To avoid this double taxation, Japan offers the 外国税額控除 (foreign tax credit). By filing 確定申告, you can credit the foreign tax paid against your Japanese tax liability. In effect, the US-withheld 10% reduces your Japanese tax by the same amount, so your total tax stays close to 20.315% rather than 28.3%.

To claim the 外国税額控除, you must file 確定申告 and attach the 外国税額控除に関する明細書 (foreign tax credit statement). Your broker will provide a 年間取引報告書 (annual transaction report) showing the foreign taxes withheld.

Important for US stock investors

The 外国税額控除 only works for dividends outside NISA. Dividends from US stocks held in a NISA account are still subject to the 10% US withholding tax, but you cannot claim the foreign tax credit because NISA income is non-taxable in Japan — there is no Japanese tax to credit against. This means US stock dividends in NISA lose 10% to US tax with no way to recover it. Japanese stocks in NISA avoid this issue entirely.

Loss offsetting and carryforward — 損益通算と繰越控除

Japan allows you to offset investment losses against gains to reduce your tax bill. There are two mechanisms:

損益通算 — Same-year offsetting

Within the same calendar year, you can net capital gains against capital losses. You can also offset dividend income against capital losses if you elect 申告分離課税 for your dividends. Within a single 特定口座(源泉徴収あり), this happens automatically. Across multiple brokers, you must file 確定申告.

繰越控除 — Loss carryforward (up to 3 years)

If your net result for the year is still a loss after offsetting, you can carry that loss forward for up to 3 years (上場株式等に係る譲渡損失の繰越控除). In future years, the carried-forward loss offsets gains, potentially reducing or eliminating your tax.

Example: In 2025, you have a net loss of ¥2,000,000 from stock trading. In 2026, you make a ¥1,500,000 gain. Instead of paying tax on the full ¥1,500,000, you offset it with the carried-forward loss, leaving only zero taxable gain (and ¥500,000 loss still available to carry into 2027).

Critical requirement

To use loss carryforward, you must file 確定申告 every year — including years when you have no gains. If you skip filing in any year, the carryforward chain is broken and the remaining loss expires. This is true even if you use 特定口座(源泉徴収あり) and would otherwise not need to file.

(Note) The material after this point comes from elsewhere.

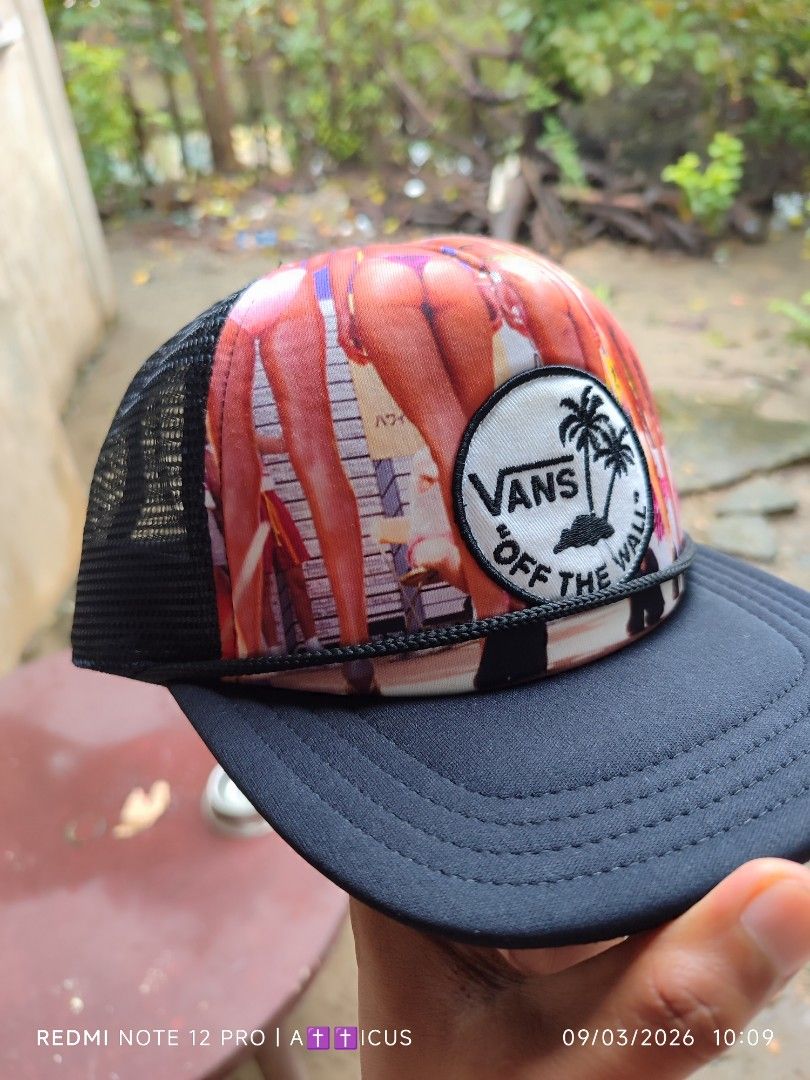 Vans Trucker Cap (Category: Caps & Hats) located in Mangaldan. Submitted by lostthread (Listing ID 1459302389, Image 2). Description: Vans Trucker Cap Excellent condition No issues 10/10 Color Rate DM to Cop.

When to file 確定申告 even with 源泉徴収あり — 確定申告した方がいい場合

If you use 特定口座(源泉徴収あり), you are not required to file a tax return for your investment income. However, there are several situations where filing voluntarily can save you money:

  • You have accounts at multiple brokers — gains at one broker cannot automatically offset losses at another. Filing lets you combine them and get a refund for over-withheld tax.
  • You had a net loss this year — filing establishes the loss for the 3-year carryforward, which can offset future gains.
  • Your total income is low — if your total taxable income (including employment) puts you in a tax bracket below 20.315%, choosing 総合課税 for dividends could result in a lower effective rate. This is especially relevant for part-time workers, students, or those who arrived/left mid-year.
  • You received foreign stock dividends — filing lets you claim the 外国税額控除 (foreign tax credit) and recover the double-taxed amount.
  • You want to offset dividends against capital losses — only possible through 申告分離課税, which requires filing.

Warning

Filing 確定申告 for investment income makes it part of your total reported income. This can affect income-based calculations for 国民健康保険 (national health insurance) premiums, child allowance (児童手当), and other means-tested benefits. If you are on 国民健康保険, significant reported investment income could increase your premiums. Weigh the tax savings against potential premium increases before filing.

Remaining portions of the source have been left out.